Problem details: Take from the entries below the stretch from the line with "EXPRESS-STICKEREI Tablier cuisine" through the line with "Snap-On SDABM9 9mm", and return it exactly, leaving the pictures out.

Task input:
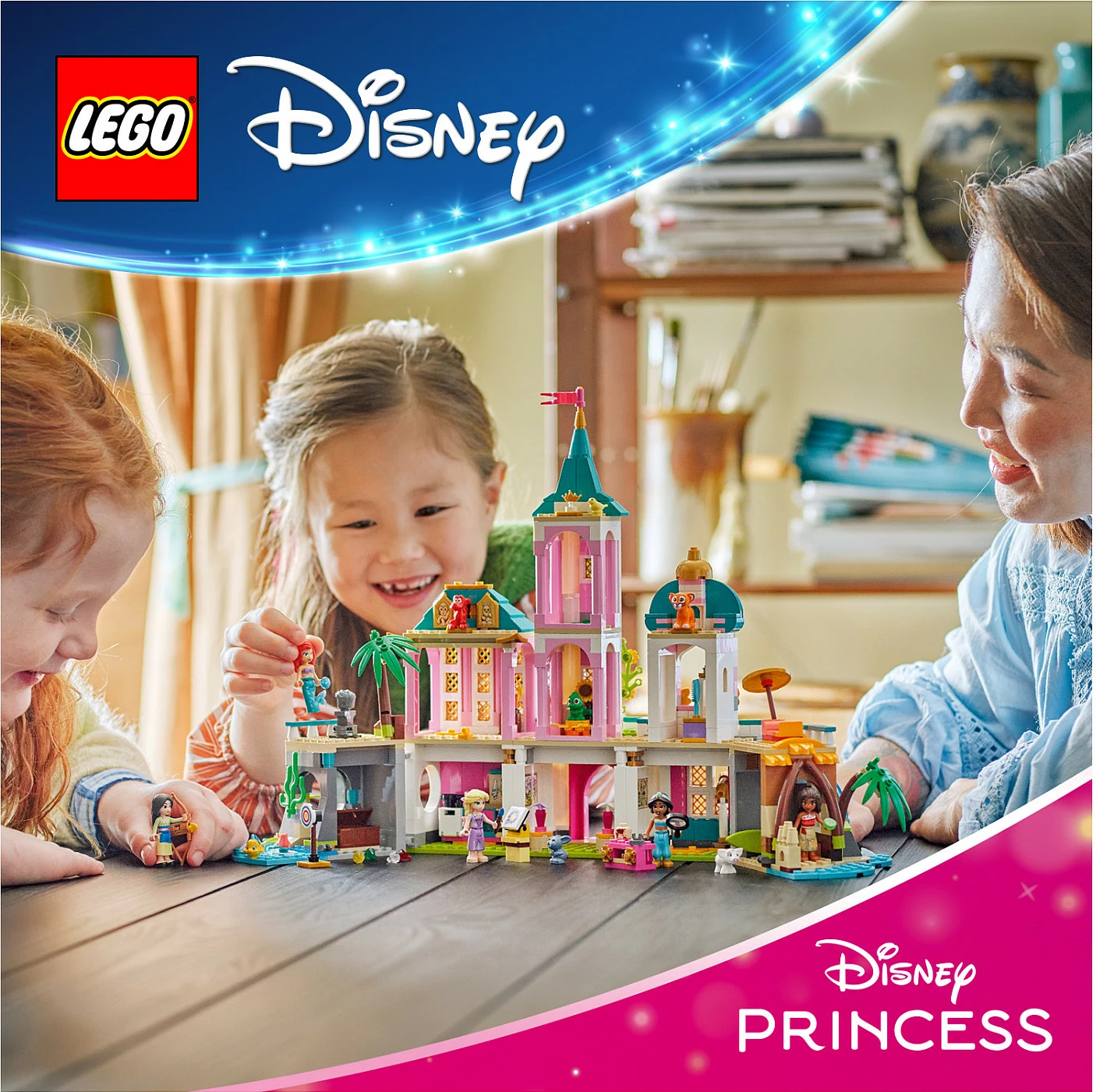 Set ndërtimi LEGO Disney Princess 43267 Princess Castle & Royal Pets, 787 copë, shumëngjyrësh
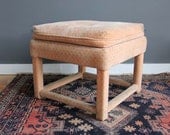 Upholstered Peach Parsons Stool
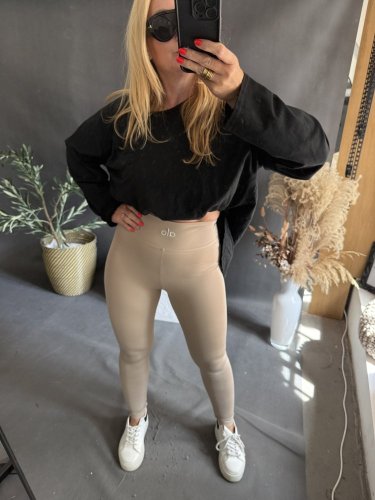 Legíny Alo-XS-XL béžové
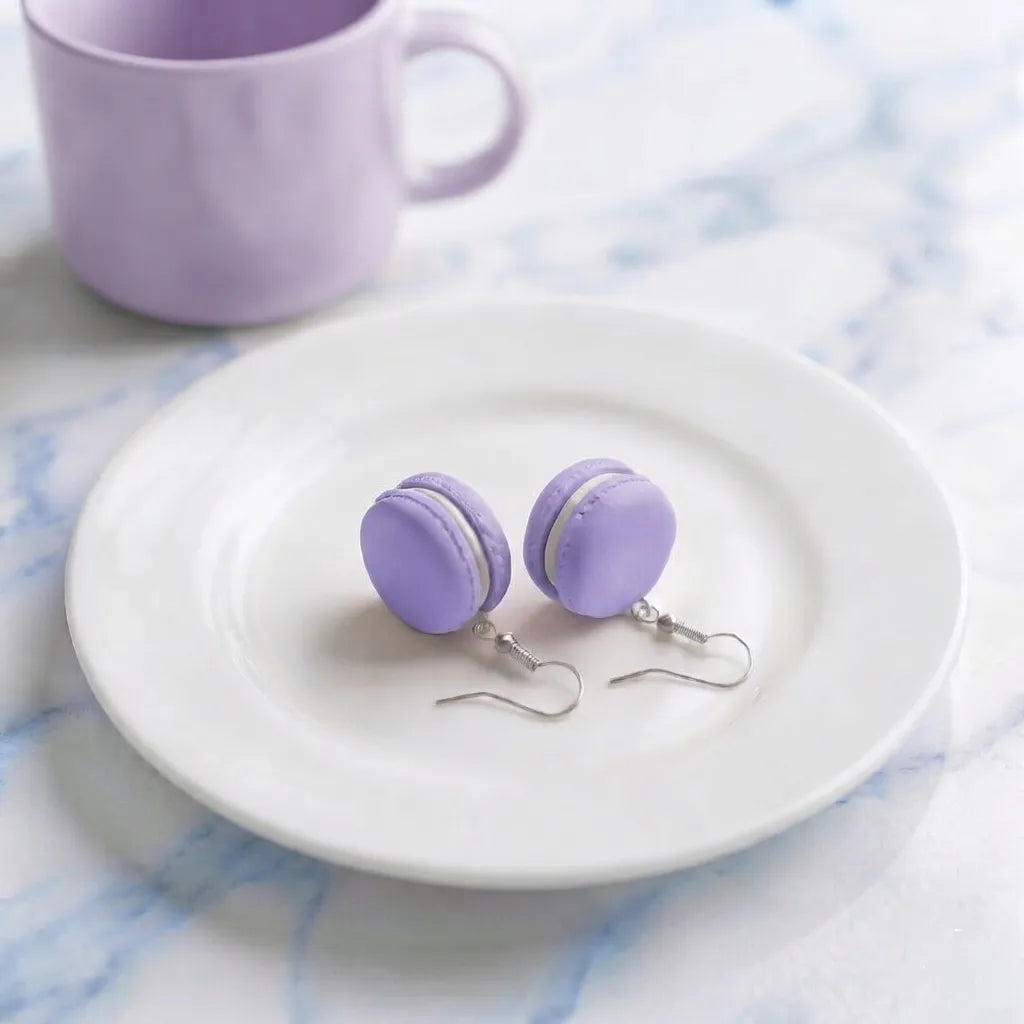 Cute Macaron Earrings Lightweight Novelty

---

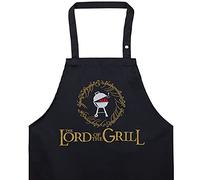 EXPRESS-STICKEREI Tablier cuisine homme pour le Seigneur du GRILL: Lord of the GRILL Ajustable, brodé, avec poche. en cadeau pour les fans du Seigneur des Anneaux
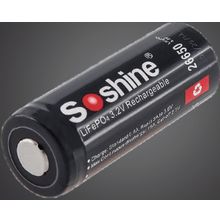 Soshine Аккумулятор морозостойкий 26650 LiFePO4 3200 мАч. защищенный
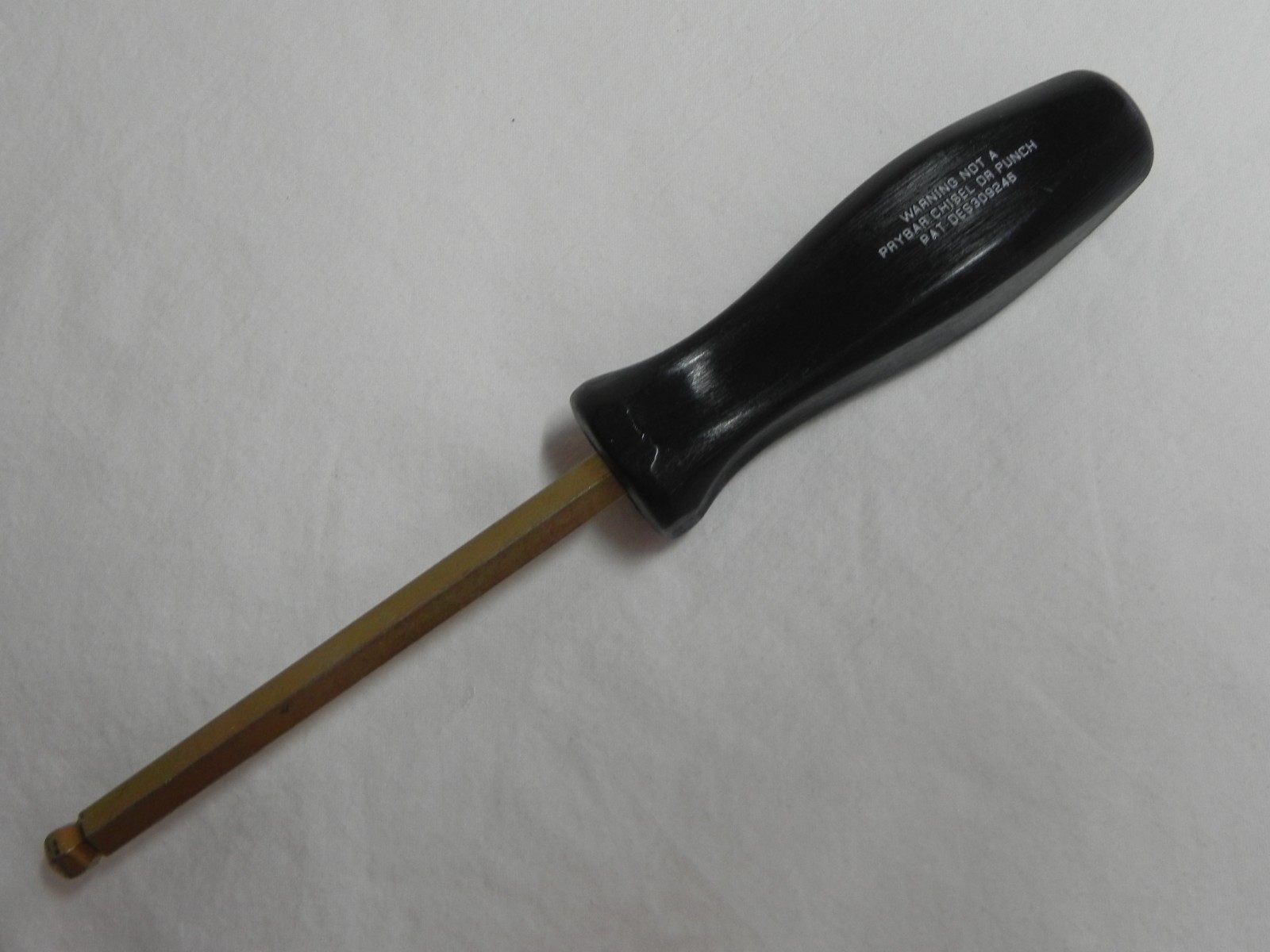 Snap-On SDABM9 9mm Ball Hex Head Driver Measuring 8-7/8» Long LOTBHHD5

Written response:
 EXPRESS-STICKEREI Tablier cuisine homme pour le Seigneur du GRILL: Lord of the GRILL Ajustable, brodé, avec poche. en cadeau pour les fans du Seigneur des Anneaux
 Soshine Аккумулятор морозостойкий 26650 LiFePO4 3200 мАч. защищенный
 Snap-On SDABM9 9mm Ball Hex Head Driver Measuring 8-7/8» Long LOTBHHD5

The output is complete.